▶ [DIRECTIONS FOR THIS TASK]:
Nothing but the line with "this 460×306 image." and the lines after it should appear, each retyped exactly as in the listing.
START SUPPLIED RECORDS
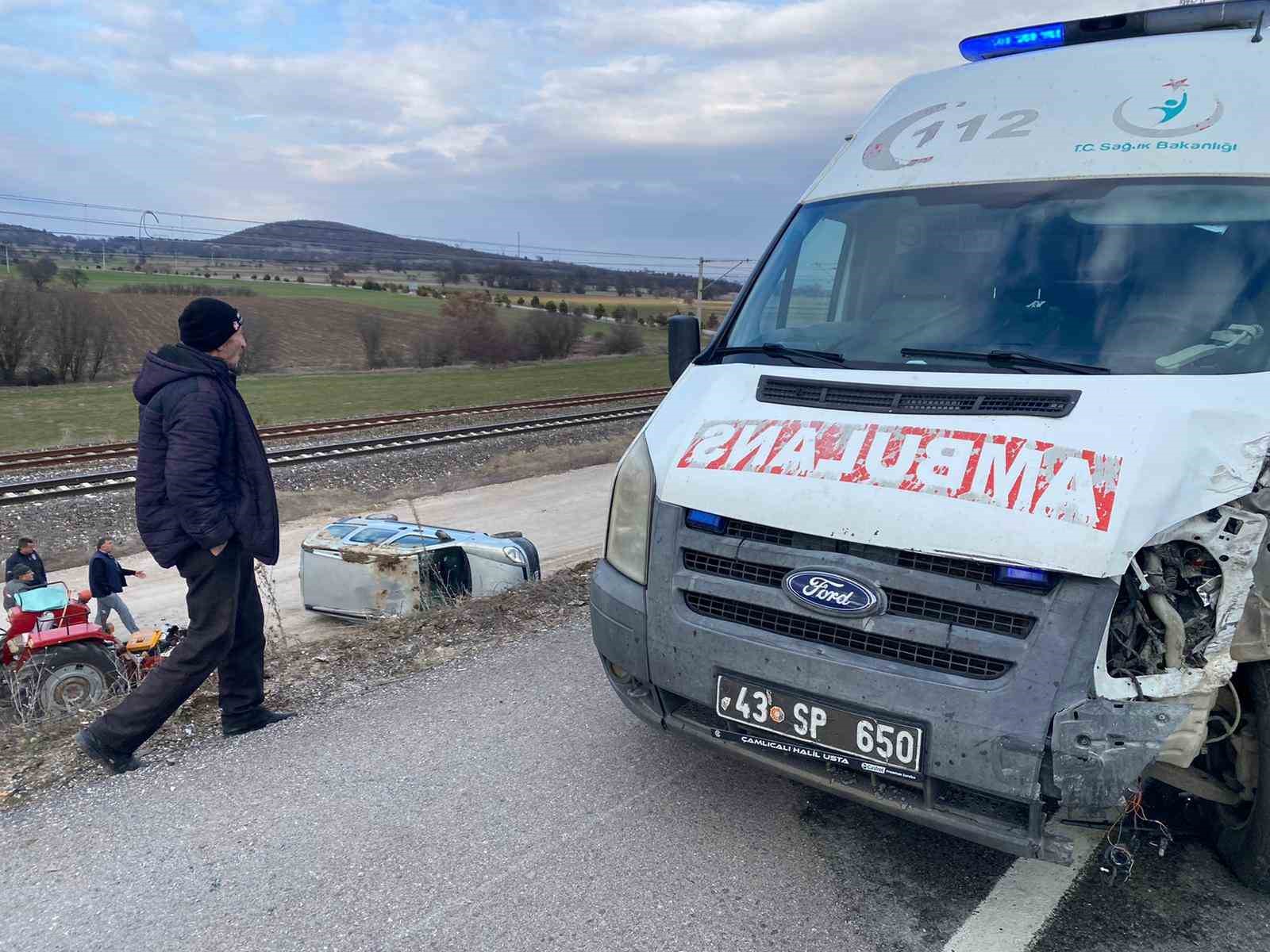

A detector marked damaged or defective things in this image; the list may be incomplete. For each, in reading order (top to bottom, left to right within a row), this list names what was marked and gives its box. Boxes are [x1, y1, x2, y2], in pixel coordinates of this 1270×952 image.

damaged ambulance front end [589, 6, 1270, 889]
overturned car [298, 517, 541, 622]
crumpled metal panel [1051, 695, 1188, 822]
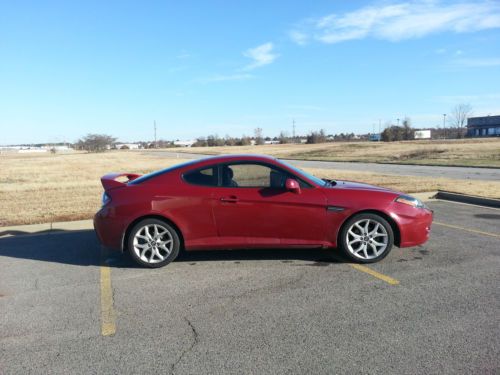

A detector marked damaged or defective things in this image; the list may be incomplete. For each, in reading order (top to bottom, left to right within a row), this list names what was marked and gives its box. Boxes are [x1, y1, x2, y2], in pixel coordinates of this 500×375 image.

cracked asphalt [0, 203, 498, 375]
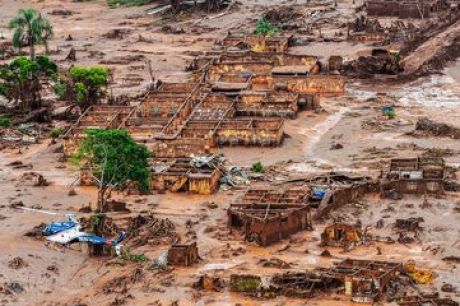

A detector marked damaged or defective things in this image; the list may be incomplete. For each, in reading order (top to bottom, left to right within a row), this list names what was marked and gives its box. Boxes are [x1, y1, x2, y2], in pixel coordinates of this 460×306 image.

damaged structure [380, 157, 446, 195]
END SUPPLIED RECORDS
▶ [RESPONSE]:
A detector marked damaged or defective things in this image; the list may be incomplete. For each, in reading order (top to bottom, left to right within a row), this list names what was marked and gives its box. Boxes are [x1, y1, x2, y2], in pixel coordinates of this 460×306 image.

damaged structure [380, 157, 446, 195]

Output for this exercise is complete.